Вышли в сад, и Ильин спросил:

— Неужели же она все время здесь?

— Кто, Дунечка? Нет, конечно… Но часто, слишком часто… Она хочет выйти замуж за моего сына.

— За Жоржа? — глупо переспросил Ильин. — Но ведь она, кажется, замужем…

— Кажется, она развелась, в последнее время от меня многое скрывают, считают, что я чокнутая. И вы тоже так считаете. Ладно, все это мелочи, по мне — пусть выходит за Жоржа. Но, кажется, она не в его вкусе…

— Мне тоже так кажется, — сказал Ильин.

— Наверное, вы догадываетесь, что я хотела поговорить с вами не о том, каких женщин предпочитает мой сын. Значит, так: считается, что я вернулась из отпуска, была не то в Гаграх, не то еще где-то там, но все это чепуха. Переутомление, неожиданный отпуск — вполне во вкусе таких дур, как Дунечка. Знаете, чем она раньше, до своей социологии, занималась? Делала шляпки. И совсем неплохо. А теперь она всерьез пишет мою биографию, да еще в каком-то «социологическом разрезе». Только у настоящих дур это и получается всерьез. Но перед вами мне нет никакого смысла притворяться ученой дамой, ищущей забвения от Москвы. По-настоящему счастлива я бывала только в Москве. Вы еще никому не говорили, что видели меня сегодня в суде? Ну и отлично. Вы там так были заняты, что я не смогла вас предупредить. А после я помчалась к Тусе. Понимаете?

— Да, кажется, начинаю соображать, — сказал Ильин, вспоминая туфли на платформе, кукольное личико, умелый грим.

— Я бы увез вас в Венецию, — послышался голос Жоржа из дома. — Я член профсоюза, и у нас есть путевки.

Тамара Львовна недовольно поморщилась:

— А, да не слушайте вы всю эту чепуховину… Венеция! Все дело в том, что Тусе неоткуда ждать амнистии…

— Но ведь ее и не привлекали, — сказал Ильин. — У нее железное алиби.

— Я бы не могла жить ни в Венеции, ни в Ленинграде, — сказала Иринка, явно кокетничая. — Слишком много воды…

— Конечно же, у нее это самое алиби, — продолжала Тамара Львовна. — Но не в алиби дело. Туся страдает. Чуть было не сказала: «Моя подзащитная…» А что, было бы справедливо! Если у Самохина адвокат, должен он быть и у Туси. Может быть, каждому человеку нужен свой адвокат?

В доме запели «На безымянной высоте». Слышался голос Жоржа, не сильный, но очень чистый, и казалось странным, что этот голос принадлежит человеку, который всегда кривляется. Жоржу подпевал отставной моряк, а в паузах слышалось Иринкино щебетанье.

— На безымянной высоте… — повторила Тамара Львовна.

— И что же Туся? — спросил Ильин, прислушиваясь к тому, что делается в доме. — Вряд ли она будет ждать Самохина…

— Да, я думаю, что навряд ли.

— Она работает? — спросил Ильин. — Как-то не могу представить ее жизнь.

— Живет… Сейчас у нее… бюллетень. Приходят какие-то родственники, так, десятая вода на киселе. Отец даже на процессе не был, у него теперь новая семья, кажется, под Оренбургом.

— Может быть, ничего и не знает?

— Может быть. Еще есть какие-то подружки, но что за подружки, им сенсация интересна! Есть еще Генина бабушка.

— Генина? — переспросил Ильин. — А, ну да, да, конечно, конечно… И что же?

— Ну, бабушка — та всей душой ненавидит Тусю. Подозревает черт знает в чем. Да не она одна… Действительно, эти «платформы» и реснички… Даже в день приговора! Но тут я подошла к ней, и мы вместе поплакали.

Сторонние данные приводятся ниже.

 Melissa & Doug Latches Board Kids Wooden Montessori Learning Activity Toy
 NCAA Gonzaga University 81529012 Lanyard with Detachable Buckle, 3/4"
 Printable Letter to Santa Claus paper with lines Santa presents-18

Ильин промолчал. «Поплакали…» Как-то это слово совсем не вяжется с Тамарой Львовной. Хотя, впрочем, кто знает!.. Много есть такого, о чем никто не знает. Год назад он бы не смог поверить, что между двумя судебными заседаниями будет мчаться на почту и там, в дикой духоте, ждать коротенькую записку… А сейчас… сейчас его мучают голоса в доме и Иринкино щебетанье.

— Это было трудное дело, — сказал Ильин. — Но оно для меня сегодня закончилось. Приходит момент, когда надо ставить точку.

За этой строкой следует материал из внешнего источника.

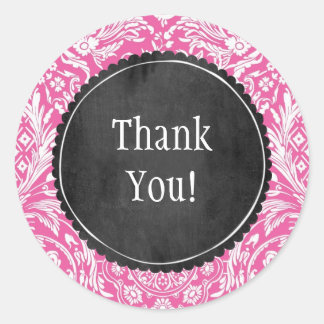 Anpassadet rosa Damask Pattern Flower Chalkboard Runt Klistermärke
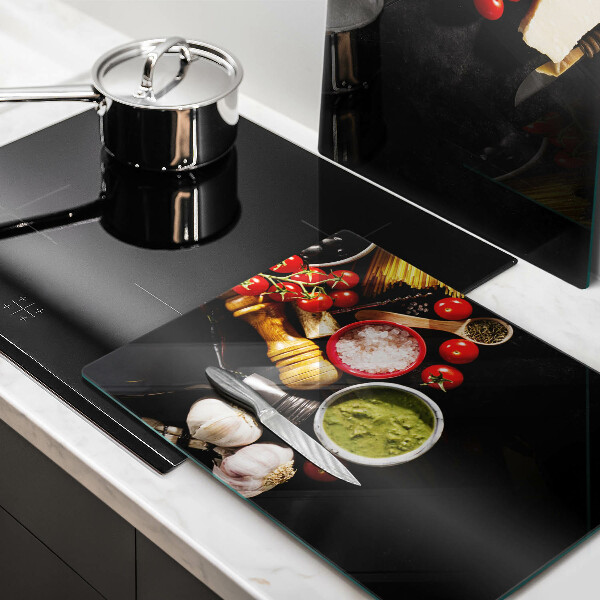 Steklena podloga za rezanje Italijanske sestavine in začimbe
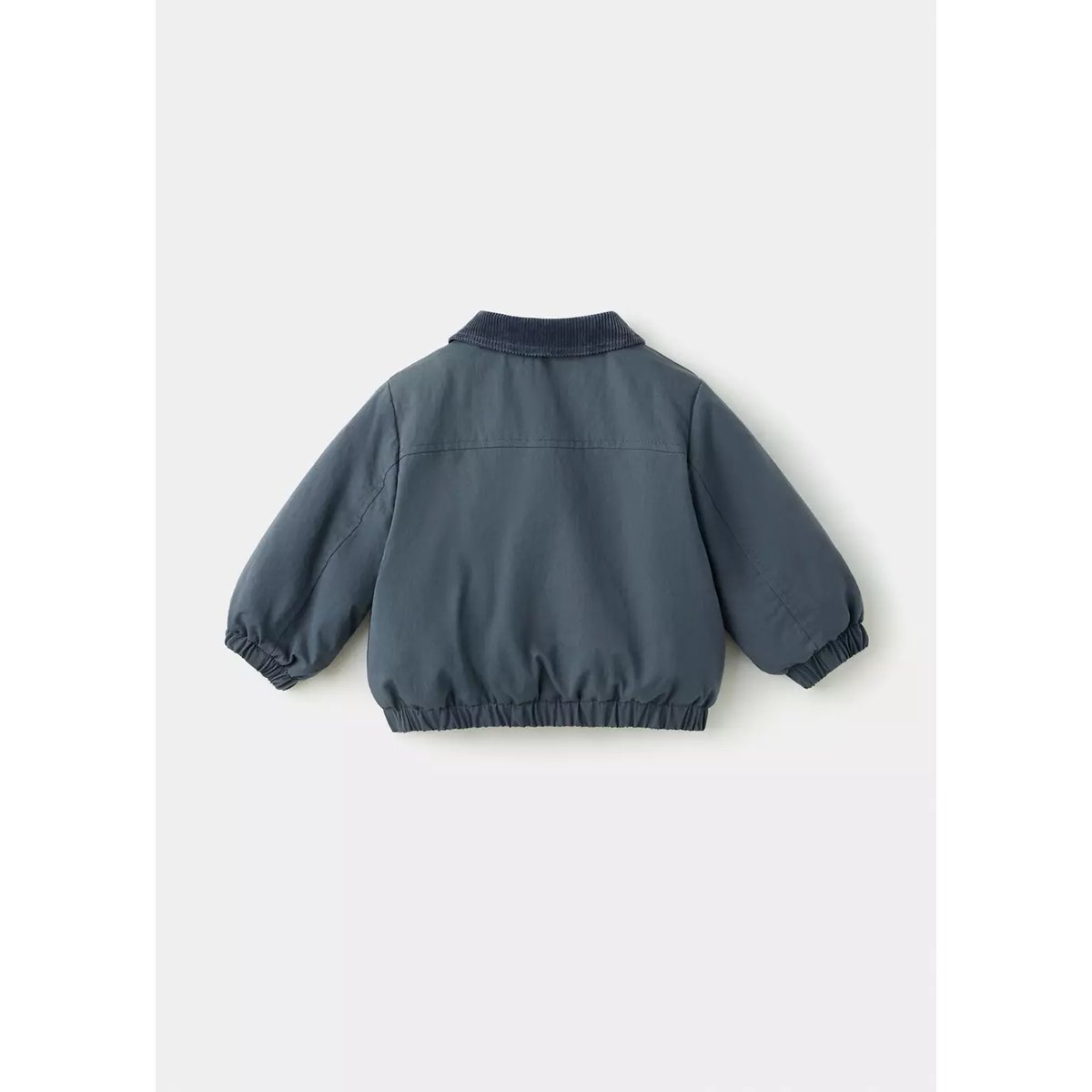 Blouson bomber à col en velours côtelé bleu pétrole, MANGO BABY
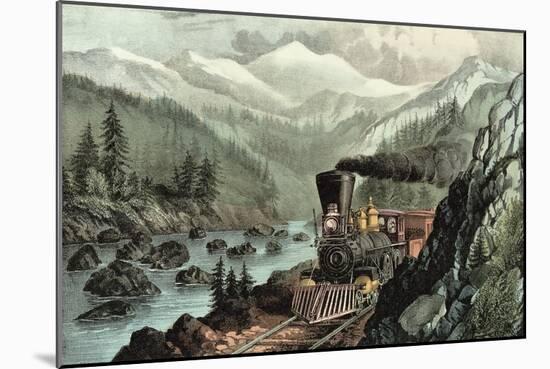 The Route to California. Truckee River, Sierra Nevada. Central Pacific Railway, 1871-Currier & Ives-Mounted Giclee Print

— Да, наверное, вы правы. Надо начинать работать. Мой бедный старый Маячок. Завтра, кажется, среда? В среду ученый совет. Пора разгонять гостей. Отбой, господа гости! — крикнула она.

Никто не обиделся, все знали, что хозяйка дома эксцентрична, и, кажется, всем это нравилось. Ильин стал вызванивать такси, но куда там: два часа ожидания.

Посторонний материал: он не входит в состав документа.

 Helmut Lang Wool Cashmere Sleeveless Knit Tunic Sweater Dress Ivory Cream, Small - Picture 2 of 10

— Я вас доставлю на своих вороных, — сказал Жорж. — Нет, серьезно, машина подана…

— Спасибо, но мы прекрасно доедем в автобусе, — сказал Ильин.

— Но, Жень, — мягко возразила Иринка. — Машиной быстрей…

— Спасибо, но мы не будем никого затруднять, — перебил ее Ильин, и эта неестественная фраза, звучавшая как перевод с чужого языка, еще долго вертелась у него в голове.